DATA EXTRACT:

----------------

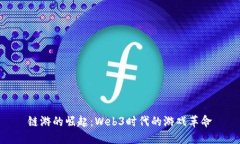 链游的崛起：Web3时代的游
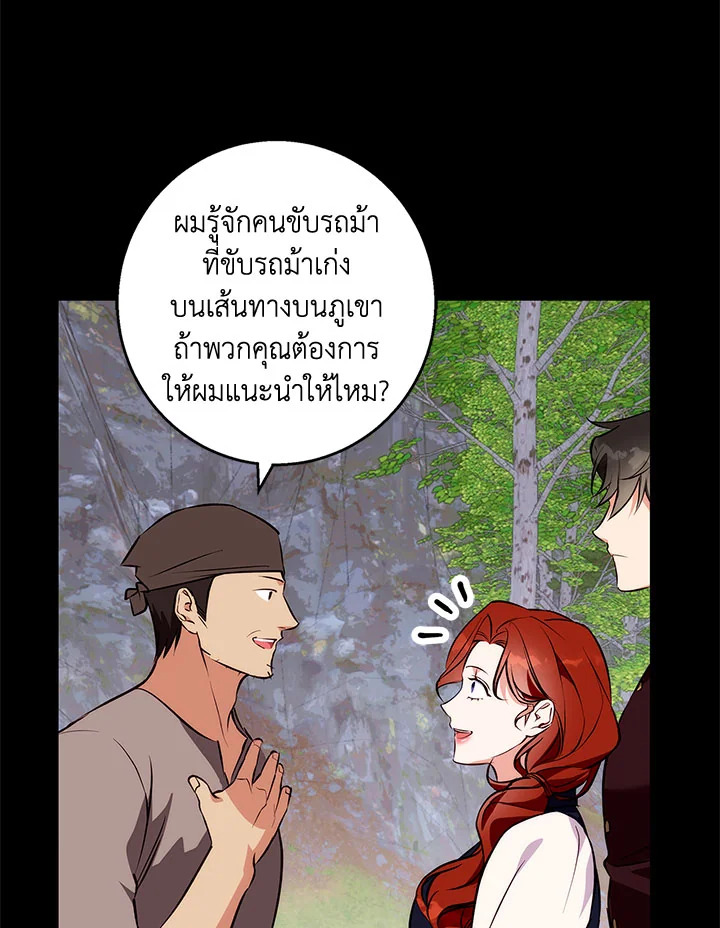 อ่านการ์ตูน Winter Wolf 40 ภาพที่ 43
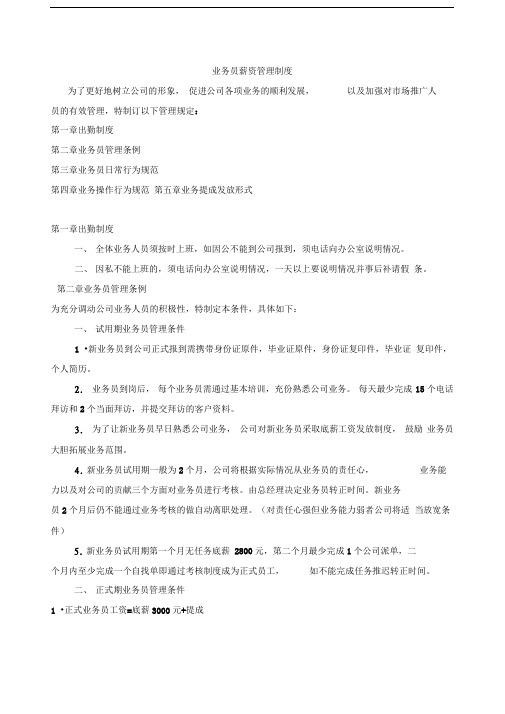 广告公司业务提成方案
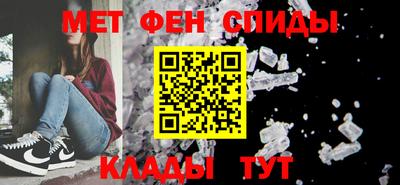 трава Ефремов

----------------

EXERCISE OBJECTIVE: The preceding listing must be repeated exactly, with all images dropped.

SOLUTION TO THIS TASK:
 链游的崛起：Web3时代的游
 อ่านการ์ตูน Winter Wolf 40 ภาพที่ 43
 广告公司业务提成方案
 трава Ефремов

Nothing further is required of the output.